··· INPUT

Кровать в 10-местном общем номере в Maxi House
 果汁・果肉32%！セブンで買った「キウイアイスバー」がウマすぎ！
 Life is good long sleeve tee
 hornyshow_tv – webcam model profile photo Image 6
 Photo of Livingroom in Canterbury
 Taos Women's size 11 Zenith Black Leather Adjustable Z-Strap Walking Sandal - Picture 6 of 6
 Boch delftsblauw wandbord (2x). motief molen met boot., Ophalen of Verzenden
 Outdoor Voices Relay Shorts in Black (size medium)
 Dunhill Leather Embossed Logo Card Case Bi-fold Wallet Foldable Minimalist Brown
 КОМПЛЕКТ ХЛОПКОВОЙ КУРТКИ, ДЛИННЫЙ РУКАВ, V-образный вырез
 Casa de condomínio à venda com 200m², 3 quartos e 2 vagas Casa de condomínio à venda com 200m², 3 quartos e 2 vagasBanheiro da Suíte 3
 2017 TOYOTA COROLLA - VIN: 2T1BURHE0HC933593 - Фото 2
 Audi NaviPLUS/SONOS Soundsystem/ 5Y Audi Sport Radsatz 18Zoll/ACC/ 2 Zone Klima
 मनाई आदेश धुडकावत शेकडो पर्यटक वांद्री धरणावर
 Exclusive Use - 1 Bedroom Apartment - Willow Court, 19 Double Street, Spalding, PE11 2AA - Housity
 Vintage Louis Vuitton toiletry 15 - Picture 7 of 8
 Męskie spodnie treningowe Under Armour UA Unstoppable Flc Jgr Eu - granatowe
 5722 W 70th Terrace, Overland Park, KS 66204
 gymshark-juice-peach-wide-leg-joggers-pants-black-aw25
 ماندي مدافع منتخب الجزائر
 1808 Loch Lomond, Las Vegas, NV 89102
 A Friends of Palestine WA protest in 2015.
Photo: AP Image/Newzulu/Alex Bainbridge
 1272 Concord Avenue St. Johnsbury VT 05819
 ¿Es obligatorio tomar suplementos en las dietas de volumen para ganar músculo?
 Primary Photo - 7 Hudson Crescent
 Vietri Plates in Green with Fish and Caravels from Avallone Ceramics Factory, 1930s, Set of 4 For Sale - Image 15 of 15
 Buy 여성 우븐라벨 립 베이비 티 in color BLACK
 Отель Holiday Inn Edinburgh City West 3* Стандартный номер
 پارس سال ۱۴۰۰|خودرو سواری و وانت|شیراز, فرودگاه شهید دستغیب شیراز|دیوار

······

### INSTRUCTIONS TO FOLLOW
Return, from the entries, each line that holds "Image".

### YOUR SOLUTION
 hornyshow_tv – webcam model profile photo Image 6
Photo: AP Image/Newzulu/Alex Bainbridge
 Vietri Plates in Green with Fish and Caravels from Avallone Ceramics Factory, 1930s, Set of 4 For Sale - Image 15 of 15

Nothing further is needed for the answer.